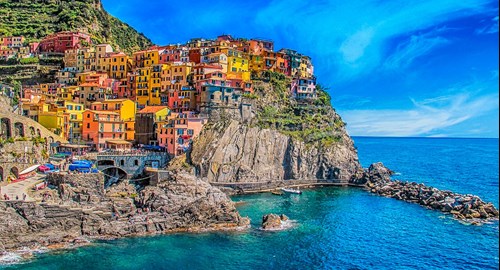 Image of Italian town Cinque Terre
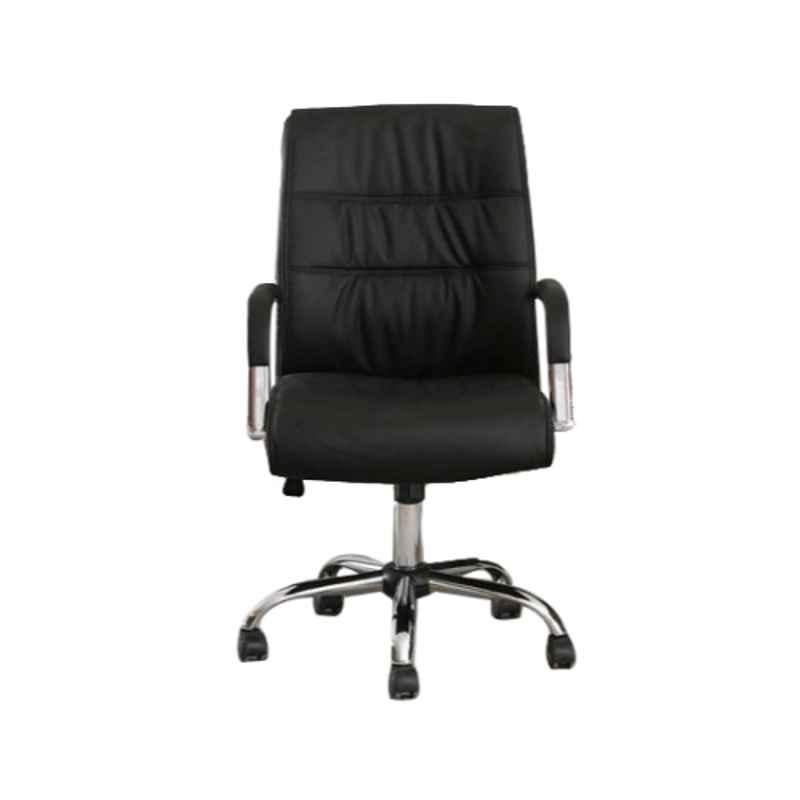 Pan Emirates Ultrabeat 061AGA1800006 Polyurethane Black Office Low Back Chair, 100x59x70 cm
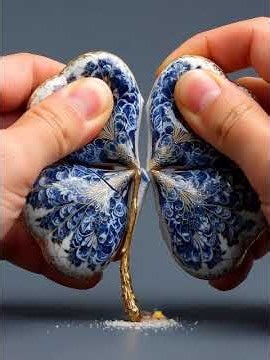 Beautiful Patterned Ceramic Clover Crushing ASMR 🍀🏺💥|Crisp, Crunchy, Extremely Satisfying Sounds 😍🎧✨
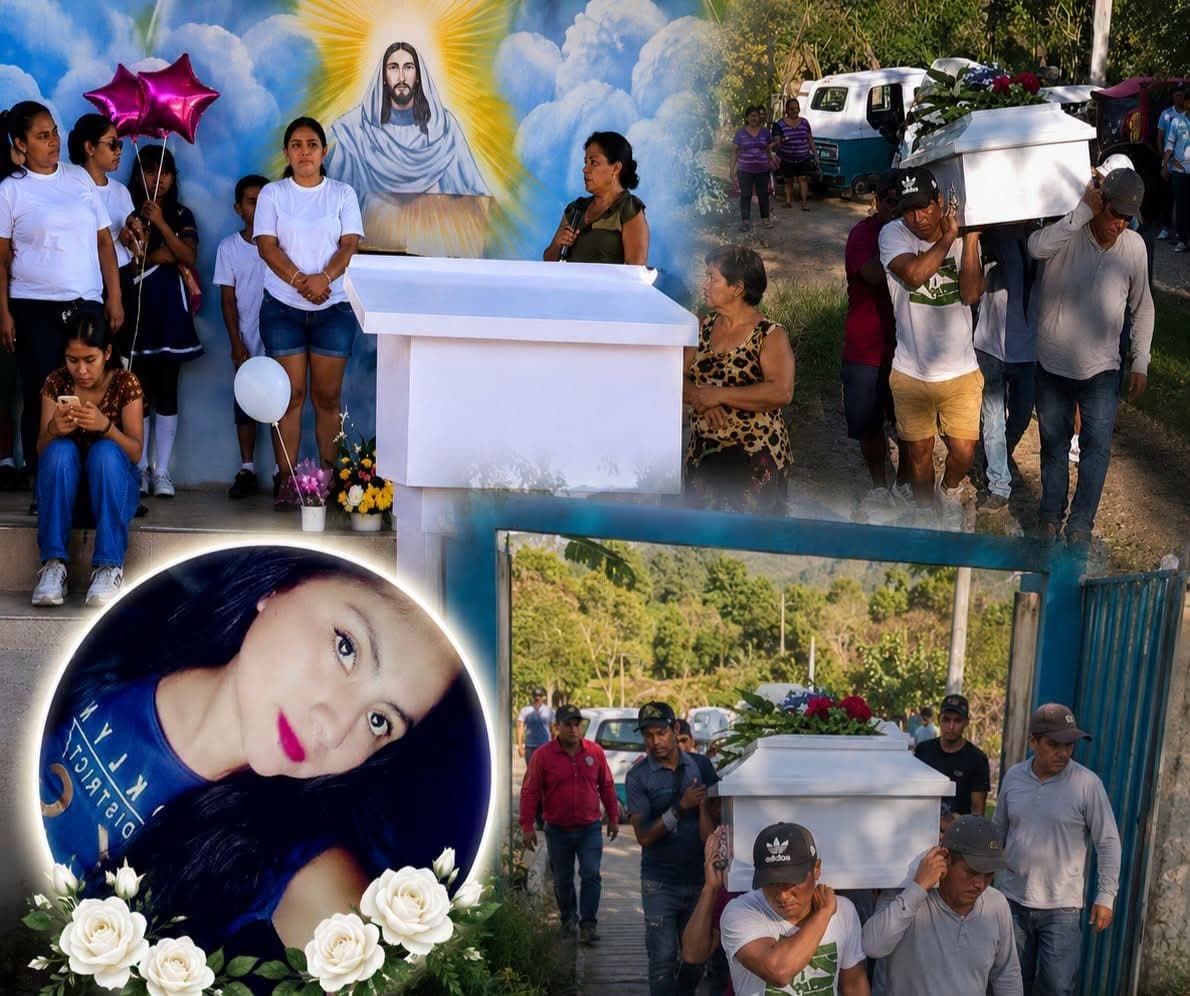 Sepultan a joven madre asesinada por su expareja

### Task goal:
Reproduce all of the data exactly; the pictures do not belong in the copy.

### Problem solution:
 Image of Italian town Cinque Terre
 Pan Emirates Ultrabeat 061AGA1800006 Polyurethane Black Office Low Back Chair, 100x59x70 cm
 Beautiful Patterned Ceramic Clover Crushing ASMR 🍀🏺💥|Crisp, Crunchy, Extremely Satisfying Sounds 😍🎧✨
 Sepultan a joven madre asesinada por su expareja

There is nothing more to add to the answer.